**Your objective**. Once the line containing "Tissu Crêpe à Pois Ocre - Mercerine" is reached in the listing below, reproduce it and all later lines through the final one exactly, but omit any pictures.

::::

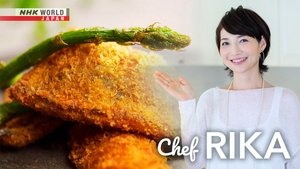 Rika's TOKYO CUISINE: Aji - Deep Fried Fish and Asparagus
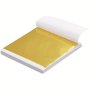 100 Pcs Golden Leaf Sheets - High-quality Imitation Golden Foil For Crafts Home Decor Painting Furniture And Nail Art - Durable And Long-lasting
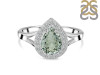 Green Amethyst & White Topaz Ring GRA-RDR-2253.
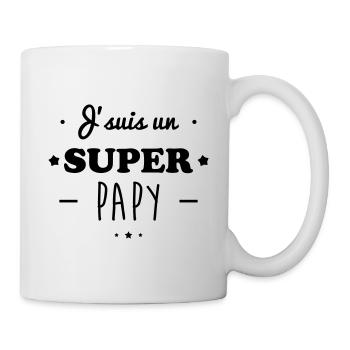 Super papy,cadeau grand-père - Mug blanc - blanc - Droite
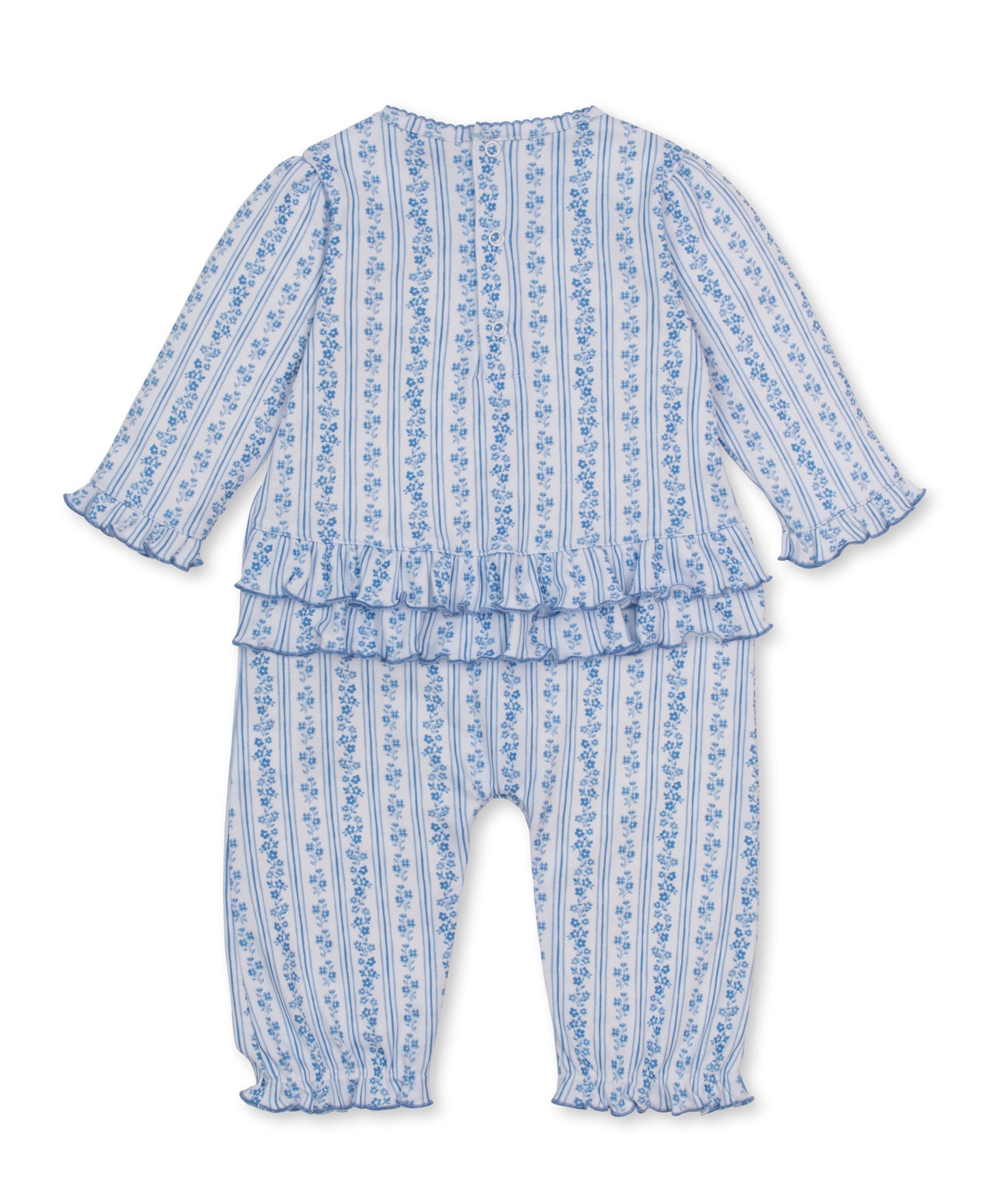 Watercolor Floral Playsuit- Blue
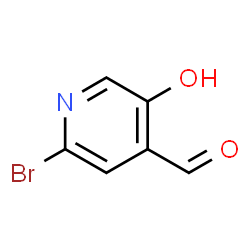 ChemSpider 2D Image | 2-Bromo-5-hydroxyisonicotinaldehyde | C6H4BrNO2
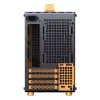 Computer-Gehäuse JONSPLUS MATX Handle Case Z20 – Schwarz-Orange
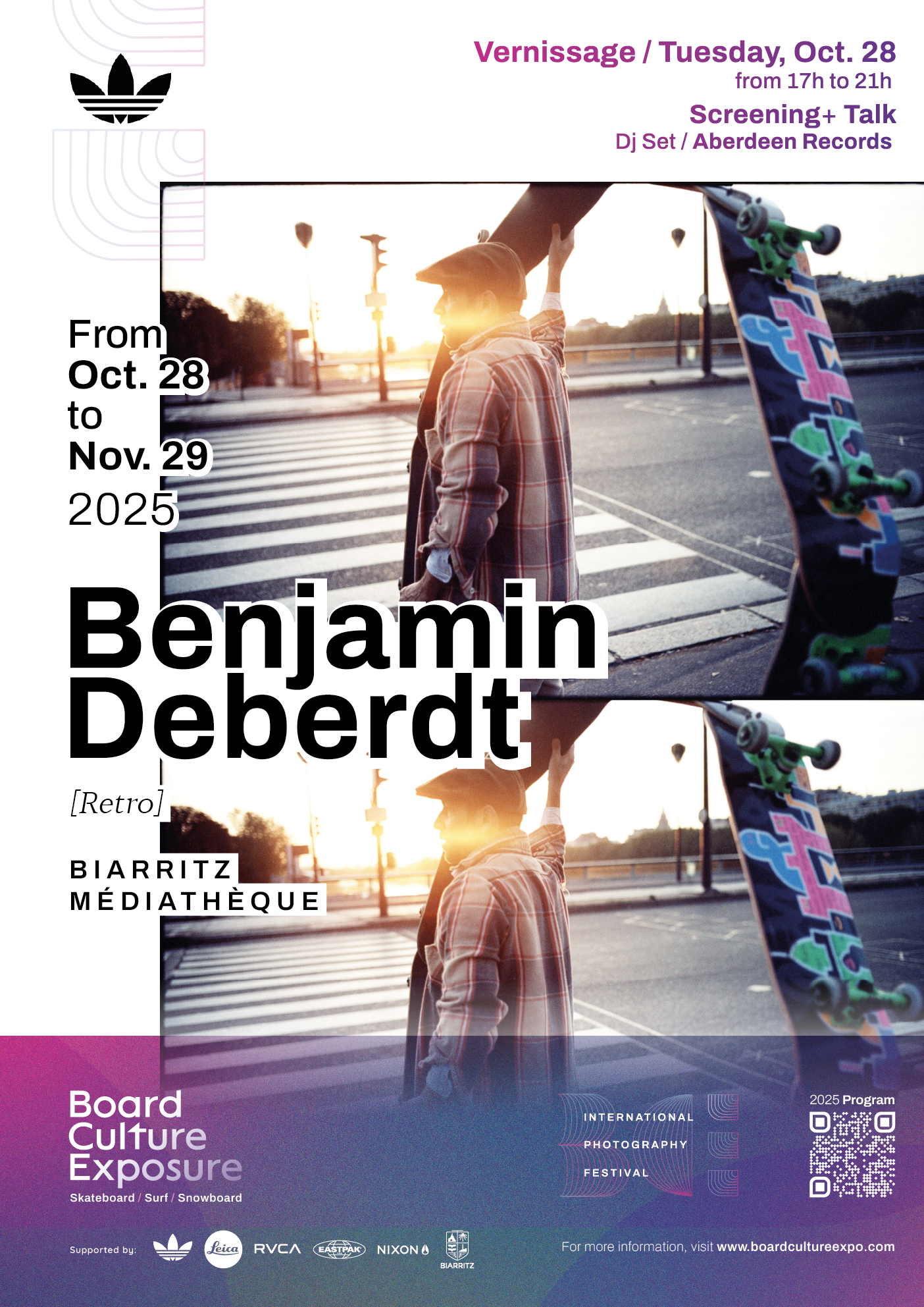 Affiche Expo Deberdt EN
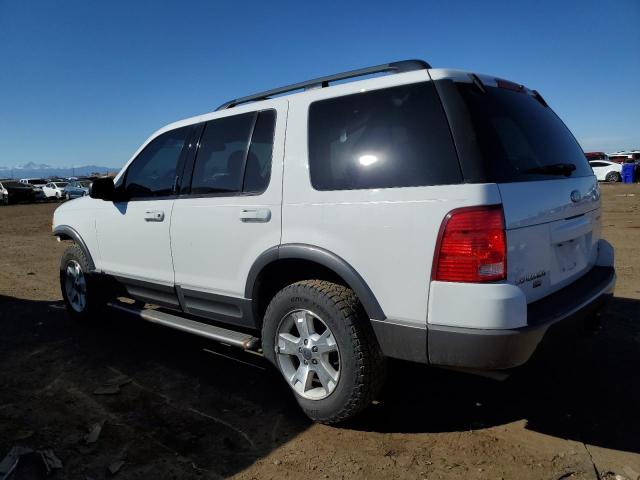 1FMZU73W73ZB45066 - 2003 FORD EXPLORER XLT WHITE photo 2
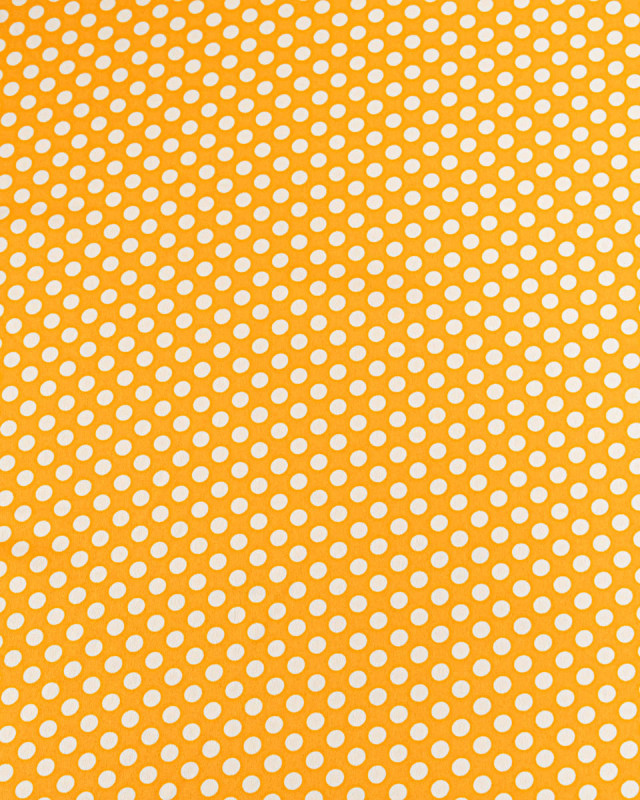 Tissu Crêpe à Pois Ocre - Mercerine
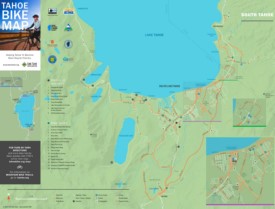Lake Tahoe bike map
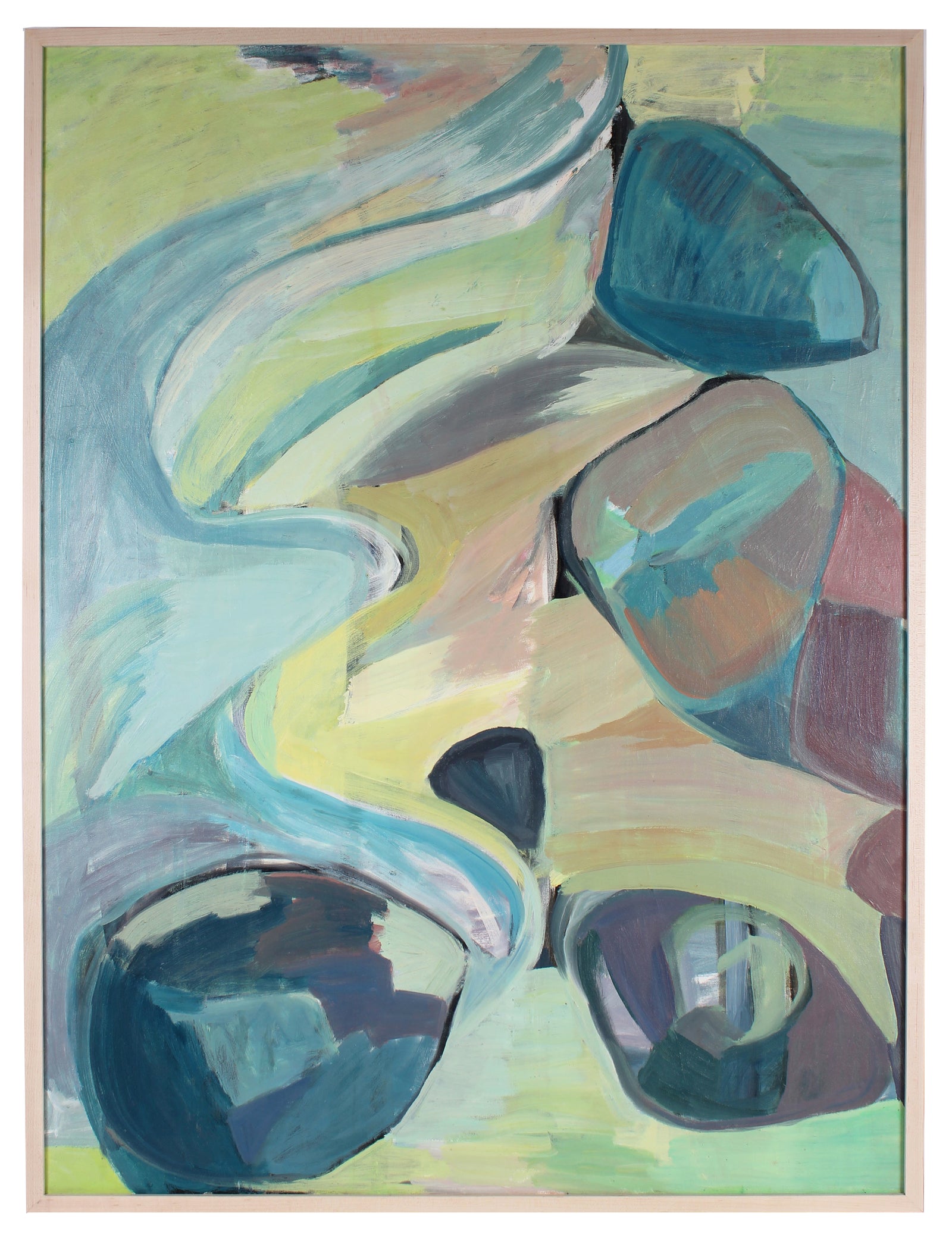 <i>The Stupendous Rocks</i> <br>1986 Oil <br><br>#94468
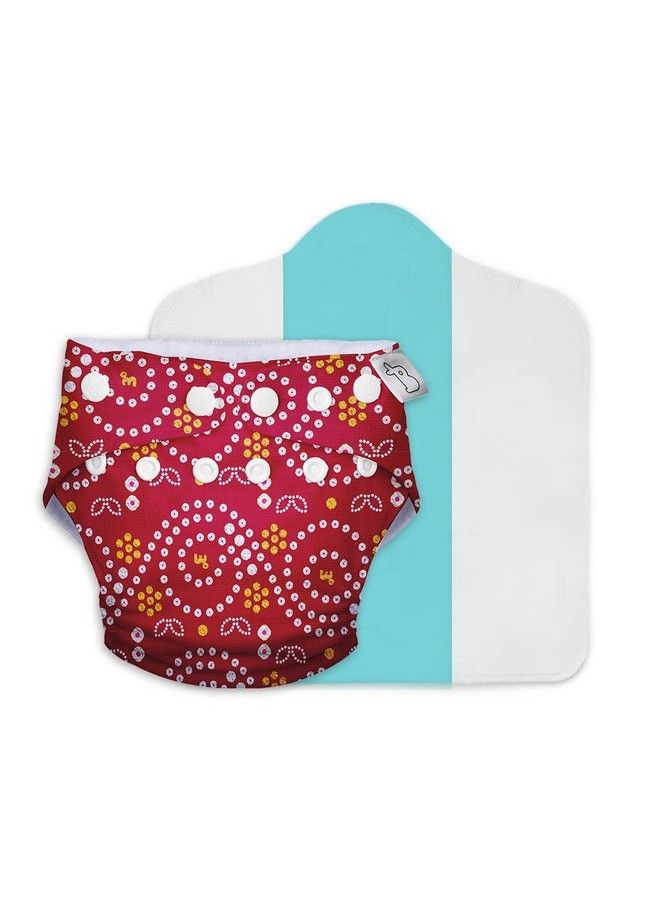 Superbottoms Pack Of 2 Cloth Diapers For Babies And Xtrahydrating™ Wipes72 Packfreesize Washable & Reusable Waterproof Adjustable Cloth Diaper For Babies From 517Kgs;Diaper With 2 Dry Feel Pad - Image 3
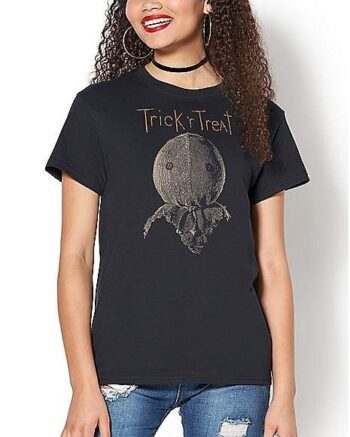 Sam Face Logo T Shirt - Trick 'r Treat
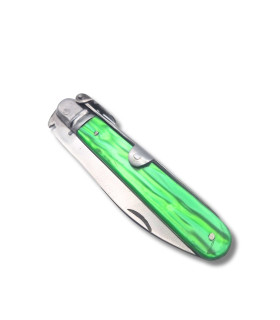 NAVAJA ARTESANA CELULOIDE VERDE R.BUSTOS 4B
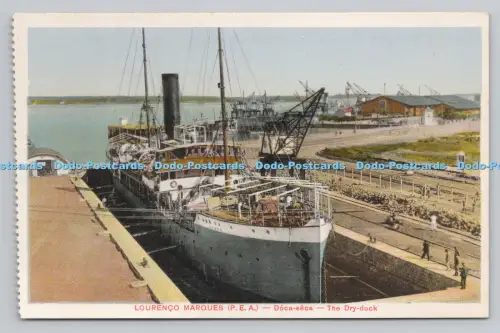 R807080 Lourenco Marques. P.E.A. Das Trockendock. Santos Rufino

::::

**Solved problem**.
 Tissu Crêpe à Pois Ocre - Mercerine
Lake Tahoe bike map
 <i>The Stupendous Rocks</i> <br>1986 Oil <br><br>#94468
 Superbottoms Pack Of 2 Cloth Diapers For Babies And Xtrahydrating™ Wipes72 Packfreesize Washable & Reusable Waterproof Adjustable Cloth Diaper For Babies From 517Kgs;Diaper With 2 Dry Feel Pad - Image 3
 Sam Face Logo T Shirt - Trick 'r Treat
 NAVAJA ARTESANA CELULOIDE VERDE R.BUSTOS 4B
 R807080 Lourenco Marques. P.E.A. Das Trockendock. Santos Rufino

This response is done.